# Required action
Copy out exactly the lines below that run from the one holding "Zapatilla Nike Huarache Beige/Rosa" to the one holding "Mokotowska 67 Prywatne", keeping both of those lines and no others.

# Data shown
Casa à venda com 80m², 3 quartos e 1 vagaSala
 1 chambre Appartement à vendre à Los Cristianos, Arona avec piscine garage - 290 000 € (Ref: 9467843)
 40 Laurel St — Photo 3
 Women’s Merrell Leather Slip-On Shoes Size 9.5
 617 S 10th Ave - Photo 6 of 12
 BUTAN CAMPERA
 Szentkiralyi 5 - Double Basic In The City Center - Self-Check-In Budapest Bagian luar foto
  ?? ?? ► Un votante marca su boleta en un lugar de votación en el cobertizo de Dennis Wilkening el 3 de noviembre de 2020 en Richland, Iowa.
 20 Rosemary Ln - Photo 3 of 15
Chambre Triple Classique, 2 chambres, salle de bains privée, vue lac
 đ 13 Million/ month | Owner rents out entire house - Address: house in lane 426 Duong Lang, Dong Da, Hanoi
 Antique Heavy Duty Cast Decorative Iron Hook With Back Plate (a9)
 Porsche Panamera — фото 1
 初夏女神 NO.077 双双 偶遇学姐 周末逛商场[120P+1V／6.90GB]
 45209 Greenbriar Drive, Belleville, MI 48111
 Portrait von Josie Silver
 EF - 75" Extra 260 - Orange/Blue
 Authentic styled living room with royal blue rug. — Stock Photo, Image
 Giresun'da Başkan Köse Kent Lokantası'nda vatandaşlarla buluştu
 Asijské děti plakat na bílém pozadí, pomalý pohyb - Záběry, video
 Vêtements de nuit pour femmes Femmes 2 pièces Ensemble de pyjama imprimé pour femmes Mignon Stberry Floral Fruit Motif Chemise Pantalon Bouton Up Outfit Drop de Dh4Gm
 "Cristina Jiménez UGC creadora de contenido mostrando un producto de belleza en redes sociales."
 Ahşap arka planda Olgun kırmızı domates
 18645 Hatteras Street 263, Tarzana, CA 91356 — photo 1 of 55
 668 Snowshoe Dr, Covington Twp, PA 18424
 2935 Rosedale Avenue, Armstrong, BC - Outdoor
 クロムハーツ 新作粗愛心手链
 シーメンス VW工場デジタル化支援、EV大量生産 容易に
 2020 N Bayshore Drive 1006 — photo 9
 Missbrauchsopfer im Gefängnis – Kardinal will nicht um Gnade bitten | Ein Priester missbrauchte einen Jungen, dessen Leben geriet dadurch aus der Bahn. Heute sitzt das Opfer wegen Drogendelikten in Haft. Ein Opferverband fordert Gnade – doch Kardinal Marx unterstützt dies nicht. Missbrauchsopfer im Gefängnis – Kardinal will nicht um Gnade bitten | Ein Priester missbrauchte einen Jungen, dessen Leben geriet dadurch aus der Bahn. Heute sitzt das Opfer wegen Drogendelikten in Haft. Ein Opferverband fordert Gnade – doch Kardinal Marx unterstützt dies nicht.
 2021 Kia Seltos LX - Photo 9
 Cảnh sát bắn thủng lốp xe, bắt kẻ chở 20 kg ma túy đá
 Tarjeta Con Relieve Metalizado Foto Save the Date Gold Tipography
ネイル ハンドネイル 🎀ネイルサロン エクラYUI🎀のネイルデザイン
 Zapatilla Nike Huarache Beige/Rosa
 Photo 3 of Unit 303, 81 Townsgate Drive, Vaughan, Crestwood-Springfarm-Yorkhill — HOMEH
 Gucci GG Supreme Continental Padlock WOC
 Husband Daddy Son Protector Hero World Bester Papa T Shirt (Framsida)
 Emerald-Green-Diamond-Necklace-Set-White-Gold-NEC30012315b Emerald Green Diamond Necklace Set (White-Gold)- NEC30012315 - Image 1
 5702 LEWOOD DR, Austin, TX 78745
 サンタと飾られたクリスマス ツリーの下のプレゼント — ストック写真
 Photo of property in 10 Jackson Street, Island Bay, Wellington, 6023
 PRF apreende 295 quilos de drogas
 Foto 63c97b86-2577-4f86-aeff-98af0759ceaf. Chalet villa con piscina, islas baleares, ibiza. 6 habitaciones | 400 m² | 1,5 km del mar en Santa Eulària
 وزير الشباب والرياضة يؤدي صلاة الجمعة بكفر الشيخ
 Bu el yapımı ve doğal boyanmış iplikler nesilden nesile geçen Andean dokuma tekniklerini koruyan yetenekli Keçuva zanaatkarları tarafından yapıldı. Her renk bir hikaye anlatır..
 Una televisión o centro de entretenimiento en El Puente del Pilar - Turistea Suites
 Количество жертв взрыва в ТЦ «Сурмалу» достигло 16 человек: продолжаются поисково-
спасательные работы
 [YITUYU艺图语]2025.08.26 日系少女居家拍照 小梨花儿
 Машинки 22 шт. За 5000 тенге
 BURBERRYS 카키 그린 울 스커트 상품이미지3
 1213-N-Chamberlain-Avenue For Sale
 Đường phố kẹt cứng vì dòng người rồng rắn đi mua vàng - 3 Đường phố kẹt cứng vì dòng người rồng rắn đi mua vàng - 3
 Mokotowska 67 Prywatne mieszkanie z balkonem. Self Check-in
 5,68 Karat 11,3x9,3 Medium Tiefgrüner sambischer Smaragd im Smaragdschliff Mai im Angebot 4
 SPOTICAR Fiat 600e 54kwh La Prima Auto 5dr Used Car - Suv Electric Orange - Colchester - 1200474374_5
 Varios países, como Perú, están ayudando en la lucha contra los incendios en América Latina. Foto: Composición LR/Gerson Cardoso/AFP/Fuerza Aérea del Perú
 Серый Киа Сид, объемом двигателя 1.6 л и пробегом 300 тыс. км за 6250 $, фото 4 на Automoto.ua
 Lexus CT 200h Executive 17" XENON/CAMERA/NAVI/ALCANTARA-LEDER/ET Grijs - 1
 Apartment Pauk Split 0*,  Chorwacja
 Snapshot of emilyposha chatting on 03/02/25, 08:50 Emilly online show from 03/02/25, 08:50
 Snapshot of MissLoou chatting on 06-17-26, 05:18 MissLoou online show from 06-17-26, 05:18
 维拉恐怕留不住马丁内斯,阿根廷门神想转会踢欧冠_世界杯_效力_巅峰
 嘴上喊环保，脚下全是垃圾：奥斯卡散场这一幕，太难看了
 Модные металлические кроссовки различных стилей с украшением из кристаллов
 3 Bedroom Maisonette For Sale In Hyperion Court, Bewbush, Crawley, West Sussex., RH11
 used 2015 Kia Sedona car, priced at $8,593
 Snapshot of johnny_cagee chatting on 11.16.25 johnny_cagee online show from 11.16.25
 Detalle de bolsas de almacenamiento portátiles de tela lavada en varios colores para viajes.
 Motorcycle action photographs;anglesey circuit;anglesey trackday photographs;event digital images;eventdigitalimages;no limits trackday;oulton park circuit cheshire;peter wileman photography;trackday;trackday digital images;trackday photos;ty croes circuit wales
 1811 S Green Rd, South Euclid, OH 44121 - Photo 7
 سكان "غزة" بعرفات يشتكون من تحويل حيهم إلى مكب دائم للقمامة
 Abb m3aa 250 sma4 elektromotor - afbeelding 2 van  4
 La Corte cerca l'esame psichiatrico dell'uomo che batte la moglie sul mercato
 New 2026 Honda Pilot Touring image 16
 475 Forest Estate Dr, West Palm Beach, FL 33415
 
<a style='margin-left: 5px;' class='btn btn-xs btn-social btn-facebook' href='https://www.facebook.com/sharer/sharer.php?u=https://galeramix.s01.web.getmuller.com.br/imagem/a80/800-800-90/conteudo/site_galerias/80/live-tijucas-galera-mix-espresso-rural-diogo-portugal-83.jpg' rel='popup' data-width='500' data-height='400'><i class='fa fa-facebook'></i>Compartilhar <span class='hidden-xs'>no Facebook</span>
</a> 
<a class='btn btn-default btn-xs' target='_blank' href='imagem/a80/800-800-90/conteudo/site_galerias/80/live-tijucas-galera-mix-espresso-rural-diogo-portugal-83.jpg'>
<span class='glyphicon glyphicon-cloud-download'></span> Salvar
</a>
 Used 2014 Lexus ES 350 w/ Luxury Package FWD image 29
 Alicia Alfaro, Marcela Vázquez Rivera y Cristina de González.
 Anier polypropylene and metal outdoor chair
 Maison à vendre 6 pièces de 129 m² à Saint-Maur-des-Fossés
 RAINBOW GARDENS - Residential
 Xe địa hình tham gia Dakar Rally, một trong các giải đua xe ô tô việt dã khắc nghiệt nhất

# Response to the exercise
 Zapatilla Nike Huarache Beige/Rosa
 Photo 3 of Unit 303, 81 Townsgate Drive, Vaughan, Crestwood-Springfarm-Yorkhill — HOMEH
 Gucci GG Supreme Continental Padlock WOC
 Husband Daddy Son Protector Hero World Bester Papa T Shirt (Framsida)
 Emerald-Green-Diamond-Necklace-Set-White-Gold-NEC30012315b Emerald Green Diamond Necklace Set (White-Gold)- NEC30012315 - Image 1
 5702 LEWOOD DR, Austin, TX 78745
 サンタと飾られたクリスマス ツリーの下のプレゼント — ストック写真
 Photo of property in 10 Jackson Street, Island Bay, Wellington, 6023
 PRF apreende 295 quilos de drogas
 Foto 63c97b86-2577-4f86-aeff-98af0759ceaf. Chalet villa con piscina, islas baleares, ibiza. 6 habitaciones | 400 m² | 1,5 km del mar en Santa Eulària
 وزير الشباب والرياضة يؤدي صلاة الجمعة بكفر الشيخ
 Bu el yapımı ve doğal boyanmış iplikler nesilden nesile geçen Andean dokuma tekniklerini koruyan yetenekli Keçuva zanaatkarları tarafından yapıldı. Her renk bir hikaye anlatır..
 Una televisión o centro de entretenimiento en El Puente del Pilar - Turistea Suites
 Количество жертв взрыва в ТЦ «Сурмалу» достигло 16 человек: продолжаются поисково-
спасательные работы
 [YITUYU艺图语]2025.08.26 日系少女居家拍照 小梨花儿
 Машинки 22 шт. За 5000 тенге
 BURBERRYS 카키 그린 울 스커트 상품이미지3
 1213-N-Chamberlain-Avenue For Sale
 Đường phố kẹt cứng vì dòng người rồng rắn đi mua vàng - 3 Đường phố kẹt cứng vì dòng người rồng rắn đi mua vàng - 3
 Mokotowska 67 Prywatne mieszkanie z balkonem. Self Check-in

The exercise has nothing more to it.